#pragma once

#include <stddef.h>

#ifdef __cplusplus

extern "C" {

#endif

// emmalloc: A lightweight web-friendly memory allocator suitable for very small applications.

// Enable the usage of emmalloc by passing the linker flag -sMALLOC=emmalloc to the application.

// A debug function that dumps the whole structure of malloc internal memory blocks to console.

// *extremely slow*, use for debugging allocation test cases.
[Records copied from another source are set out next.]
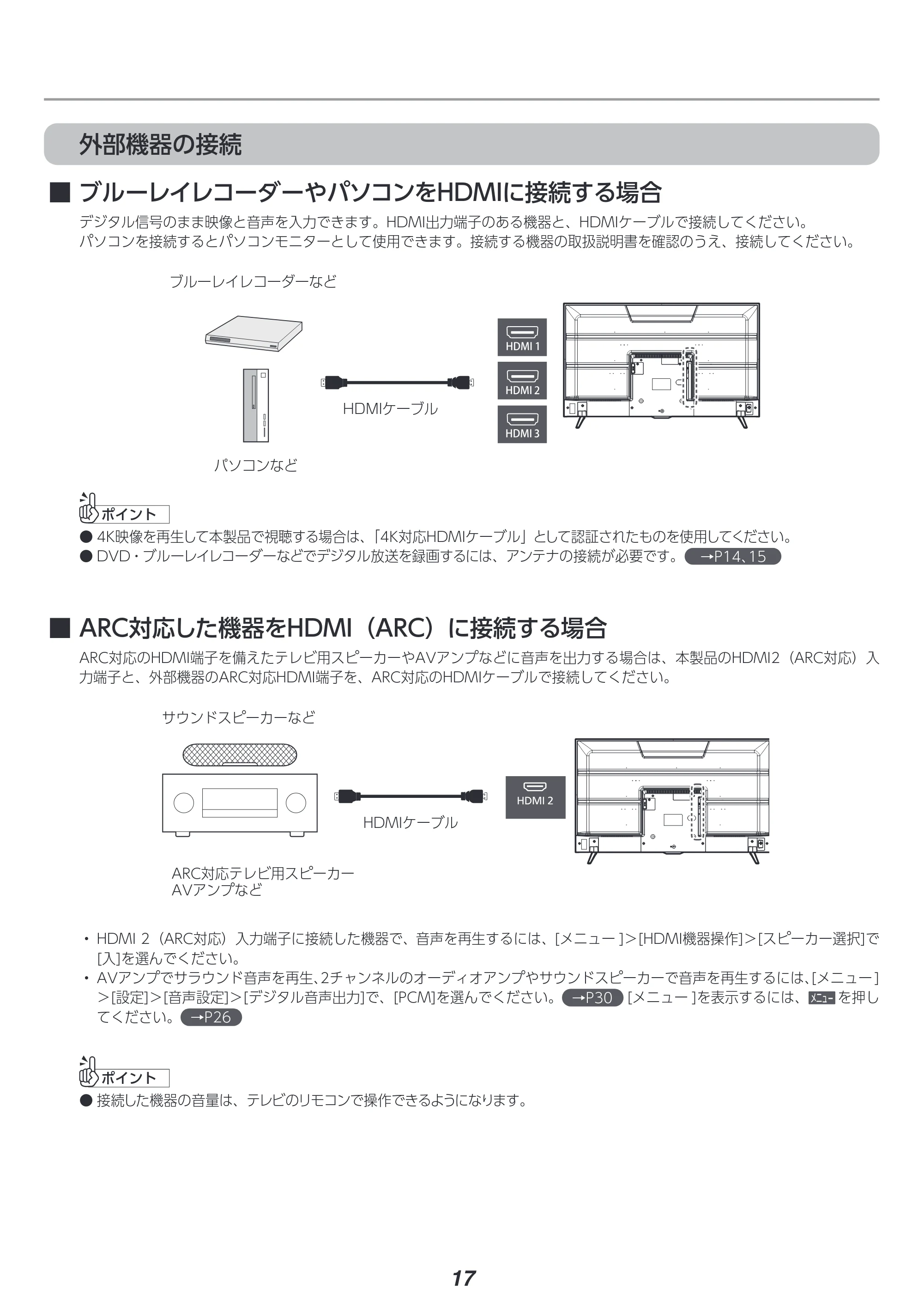 アイリスオーヤマ LT-50D6210B 取扱説明書 — 原本ページ — 17ページ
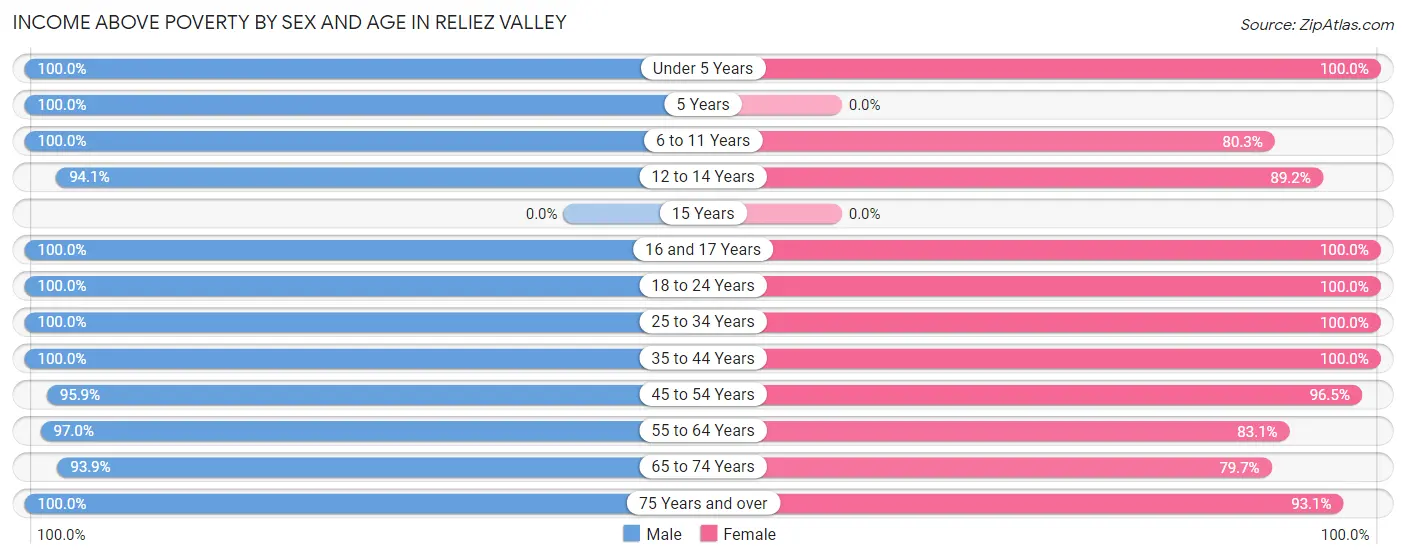 Income Above Poverty by Sex and Age in Reliez Valley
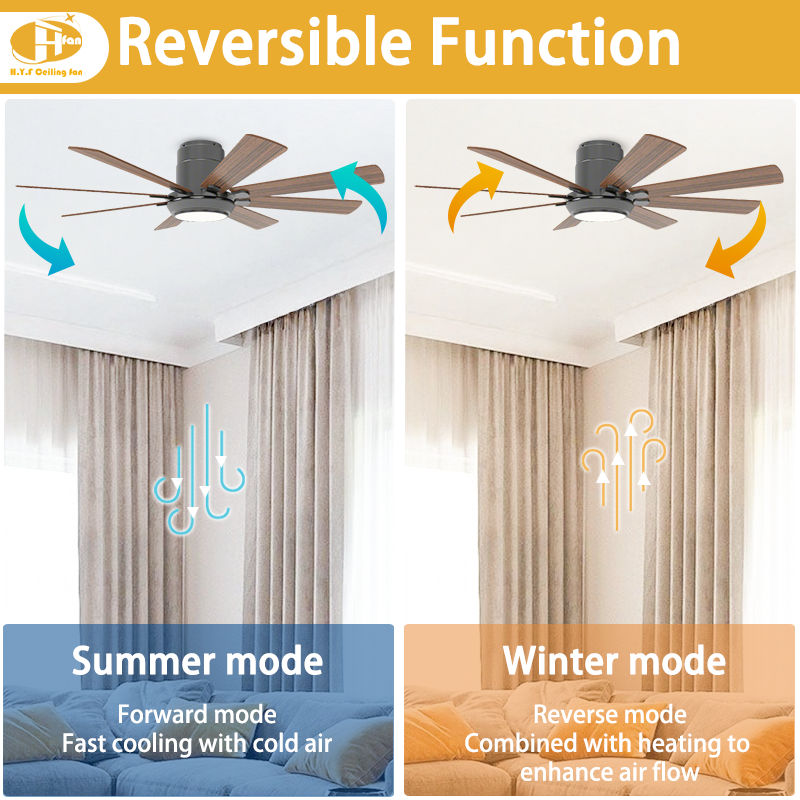 Hugger Ceiling Fan with Light for Living Room - 8 Plywood Blades
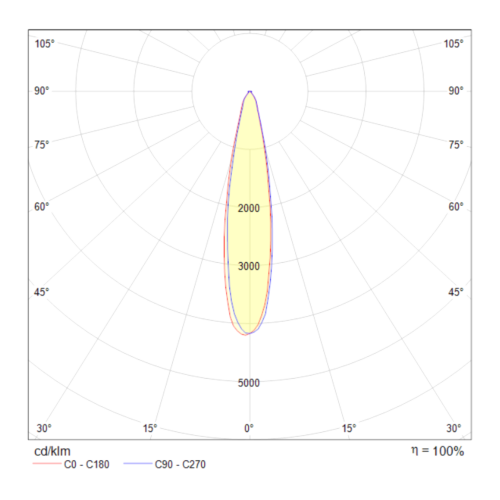 Трековый светильник Technical TR003-1-12W4K-W фото 3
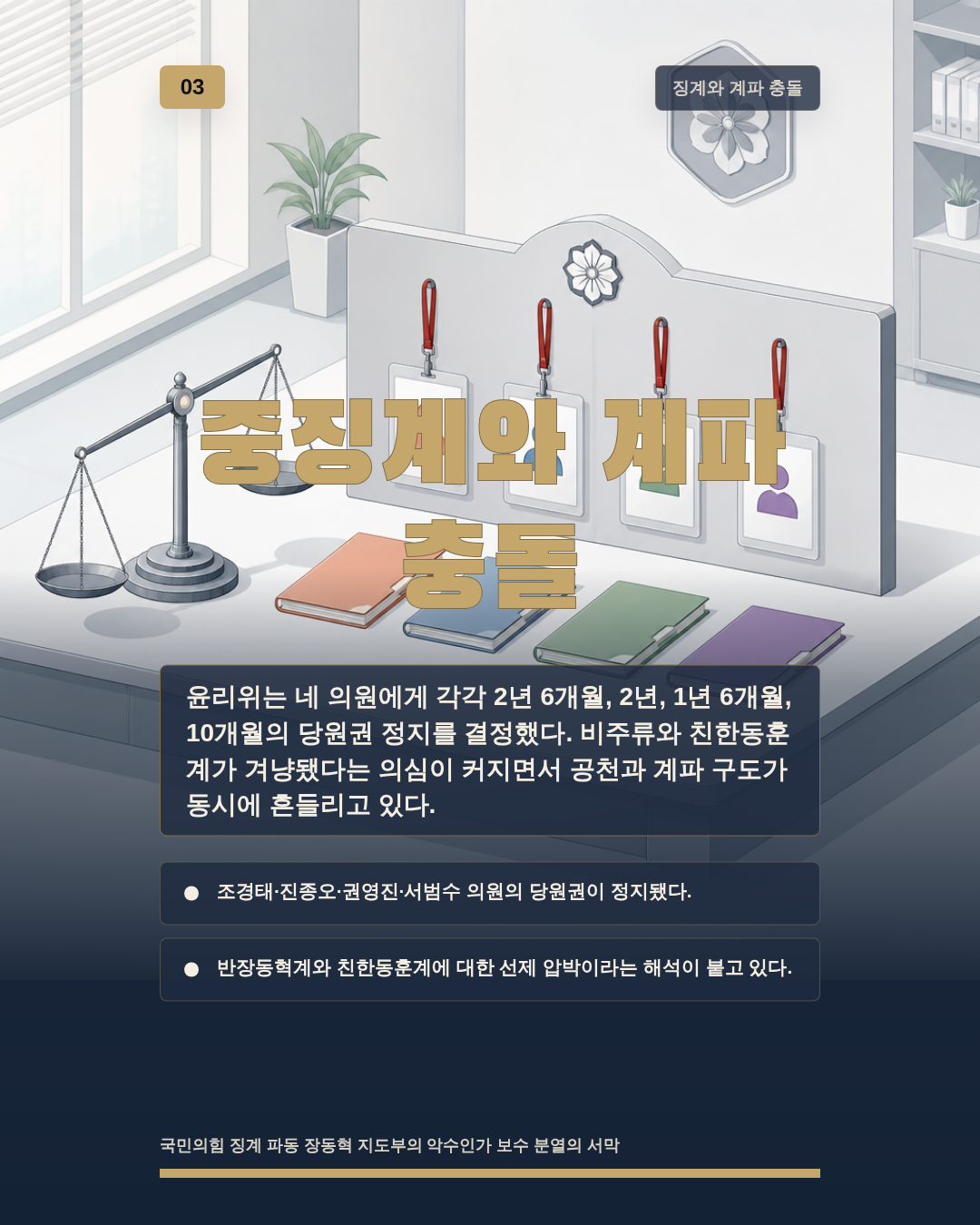 중징계와 계파 충돌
void emmalloc_dump_memory_regions(void);

// Allocates size bytes with the given pow-2 alignment. If the WebAssembly memory runs out of

// free bytes, this function will abort execution, or if building with -sABORTING_MALLOC=0,

// return a null pointer.

void *memalign(size_t alignment, size_t size);

void *emmalloc_memalign(size_t alignment, size_t size);

void *aligned_alloc(size_t alignment, size_t size);

// Allocates size bytes with default alignment (8 bytes). Like above, either aborts or returns

// null on OOM.

void *malloc(size_t size);

void *emmalloc_malloc(size_t size);

// Returns the number of bytes that are actually allocated to the given pointer ptr.

// E.g. due to alignment or size requirements, the actual size of the allocation can be

// larger than what was requested. It is ok to pass a null pointer to these functions, in which

// case 0 will be returned.

size_t malloc_usable_size(void *ptr);

size_t emmalloc_usable_size(void *ptr);

// Frees a memory pointer allocated with any of the memory allocation functions declared

// in this file, e.g.

// (emmalloc_)memalign, (emmalloc_)malloc, (emmalloc_)calloc, aligned_alloc,

// (emmalloc_)realloc, emmalloc_realloc_try, emmalloc_realloc_uninitialized, (emmalloc_)aligned_realloc

// It is ok to pass null in ptr, which will be a no-op.

void free(void *ptr);

void emmalloc_free(void *ptr);

// Performs a reallocation of the given memory pointer to a new size. If the memory region

// pointed by ptr cannot be resized in place, a new memory region will be allocated, old

// memory copied over, and the old memory area freed. The pointer ptr must have been

// allocated with one of the emmalloc memory allocation functions (malloc, memalign, ...).

// If called with size == 0, the pointer ptr is freed, and a null pointer is returned.

// If called with null ptr, a new pointer is allocated.

// If there is not enough memory, the old memory block is not freed and null pointer is

// returned.

void *realloc(void *ptr, size_t size);

void *emmalloc_realloc(void *ptr, size_t size);

// emmalloc_realloc_try() is like realloc(), but only attempts to try to resize the existing

// memory area. If resizing the existing memory area fails, then realloc_try() will return 0

// (the original memory block is not freed or modified). If resizing succeeds, previous

// memory contents will be valid up to min(old length, new length) bytes.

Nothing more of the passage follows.